● DATA EXTRACTS

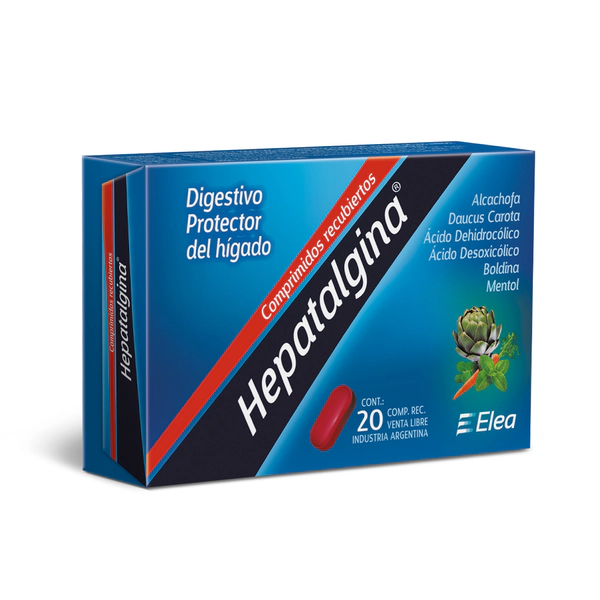 Hepatalgina Heptoprotector 20 Comprimidos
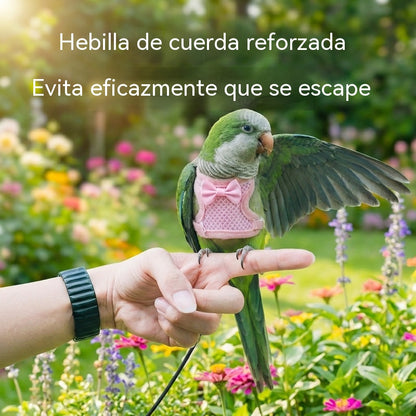 🐦【Oferta especial🔥】Rienda y correa de vuelo para loros
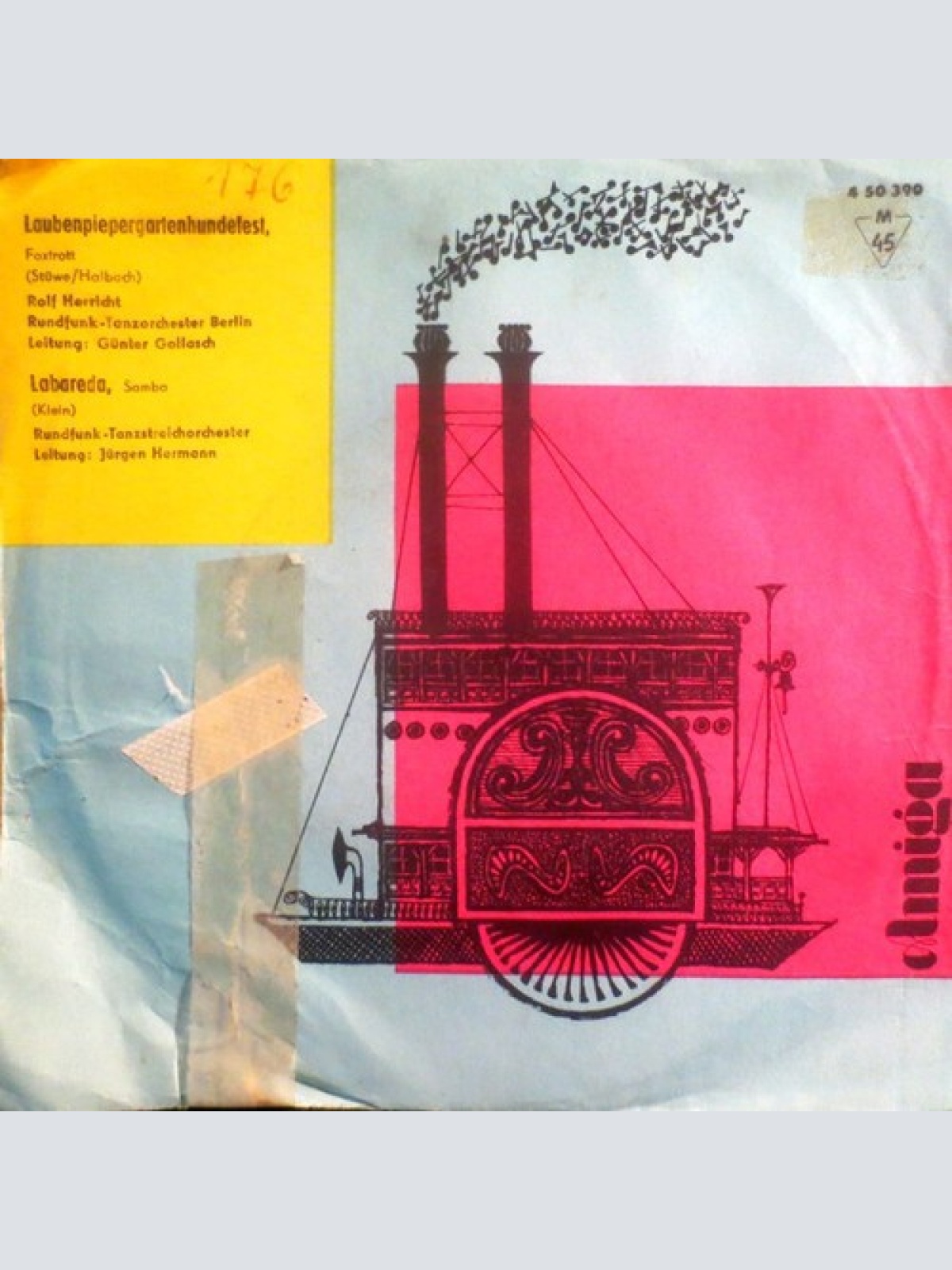 7", Single, Mono Rolf Herricht / Rundfunk-Tanzstreichorchester Berlin - Laube...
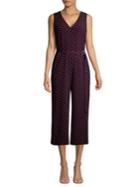 Michael Michael Kors Belted Dotted Jumpsuit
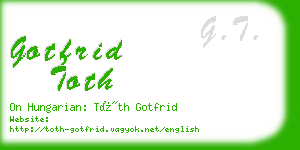 gotfrid toth business card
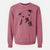 Bare Aggy the Olde English Bulldogge - Unisex Pigment Dyed Crew Sweatshirt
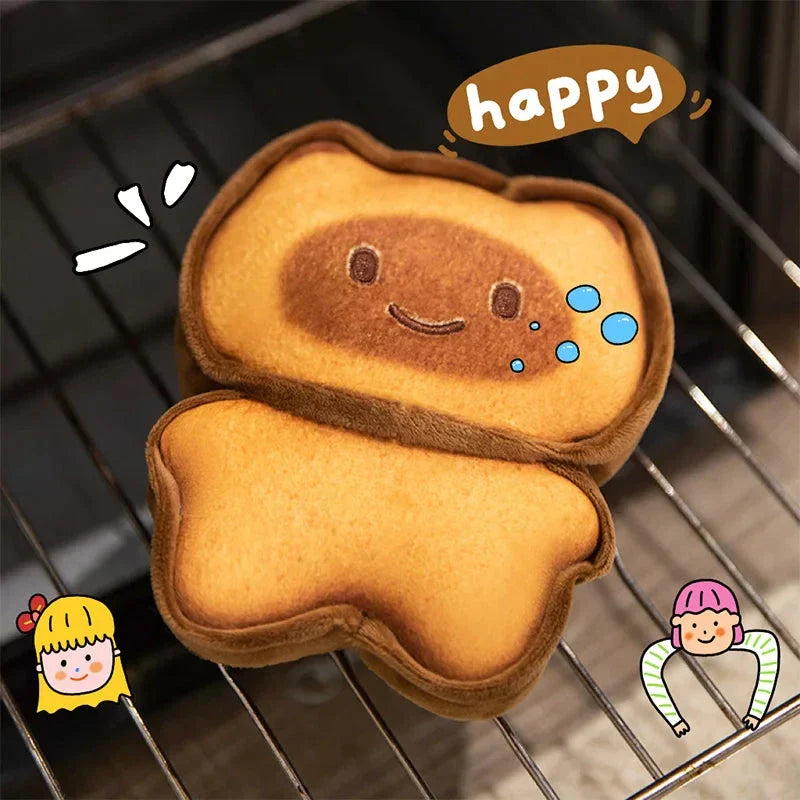 BowLift | Kawaii Cat Bread Biscuit Cookie Plushies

● TASK TO CARRY OUT
In full and without error, repeat the listing above, omitting its images.

● THE ANSWER
 Hepatalgina Heptoprotector 20 Comprimidos
 🐦【Oferta especial🔥】Rienda y correa de vuelo para loros
 7", Single, Mono Rolf Herricht / Rundfunk-Tanzstreichorchester Berlin - Laube...
 Michael Michael Kors Belted Dotted Jumpsuit
 gotfrid toth business card
 Bare Aggy the Olde English Bulldogge - Unisex Pigment Dyed Crew Sweatshirt
 BowLift | Kawaii Cat Bread Biscuit Cookie Plushies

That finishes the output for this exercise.